It was Stewart from Booklit wot did it! His review of No Word From Gurb impossible to ignore. Seeking some gender balance in the midst of my Orangeathon, I dived in. I haven’t laughed as hard or as loud in a public place since I read the novels of Tom Sharpe.
Barcelona is invaded by two shape-shifting aliens. Seeking to blend in with the locals, the alien Gurb assumes the shape of Madonna (!) before emerging from the ship. He promptly disappears and his captain must now venture into the unknown to search for his colleague. The captain has done his research. He knows much about this “simple” planet. Unfortunately for him, but fortunately for the reader, he has no idea of how to apply his knowledge. The comic surprises that follow are both surprising and hysterical. For example. The alien knows that urine is a common liquid. He doesn’t know that it’s not something to be ordered in restaurants. He is logical. Human society, in particular, Barcelona in the runup to the 1992 Olympics, is anything but. The alien narrator is deadpan – he cannot see the potholes (both literal and figurative) that are waiting for him to fall into.
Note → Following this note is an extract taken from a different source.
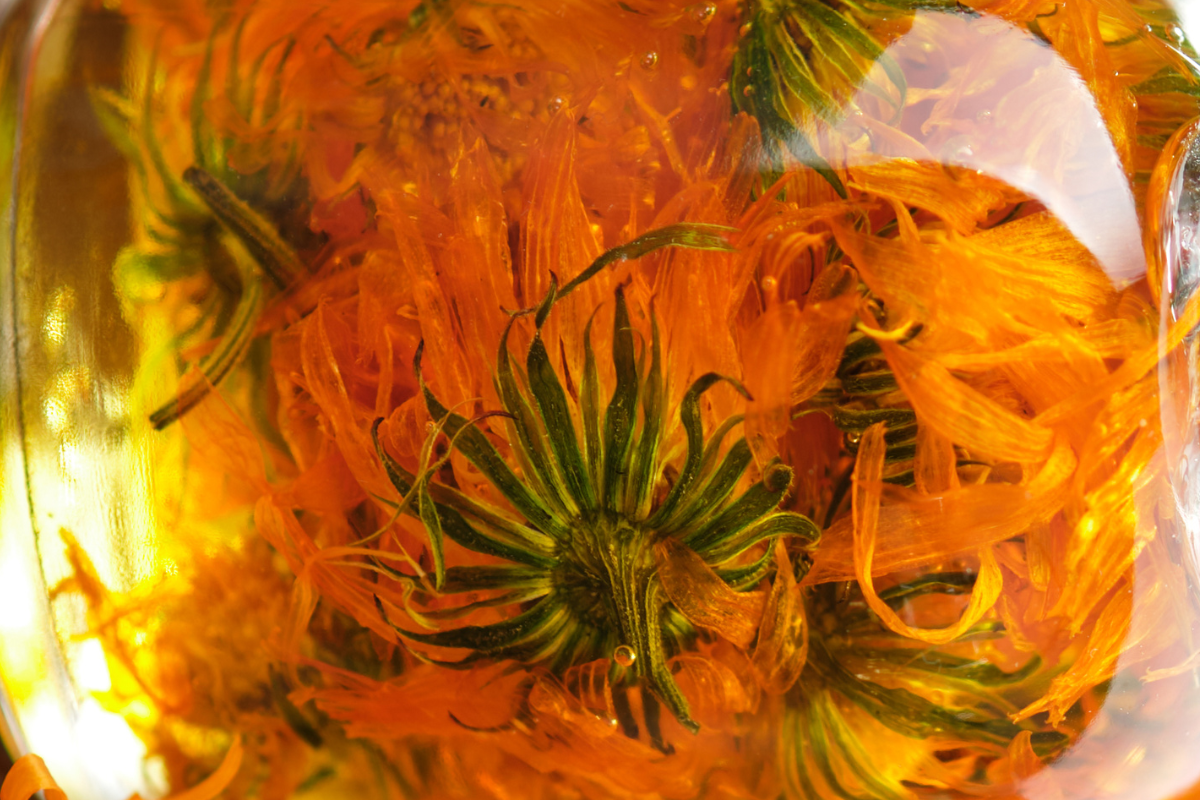 Infused Calendula Oil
15.00 Decide to make a systematic search of the city instead of remaining in one spot. […] Set off following the ideal heliographic plan I built into my internal circuits on leaving the ship. Fall into a trench dug by the Catalan Gas Company.
15.02 Fall into a trench dug by the Catalan Hydroelectric Company.
15.03 Fall into a trench dug by the Barcelona Water Company.
15.04 Fall into a trench dug by the Calle Corcega Neighbourhood Association.
15.06 Decide to abandon the ideal heliographic plan and to walk watching where I put my feet.
The situational comedy never abates with the jokes not always at the expense of the aliens.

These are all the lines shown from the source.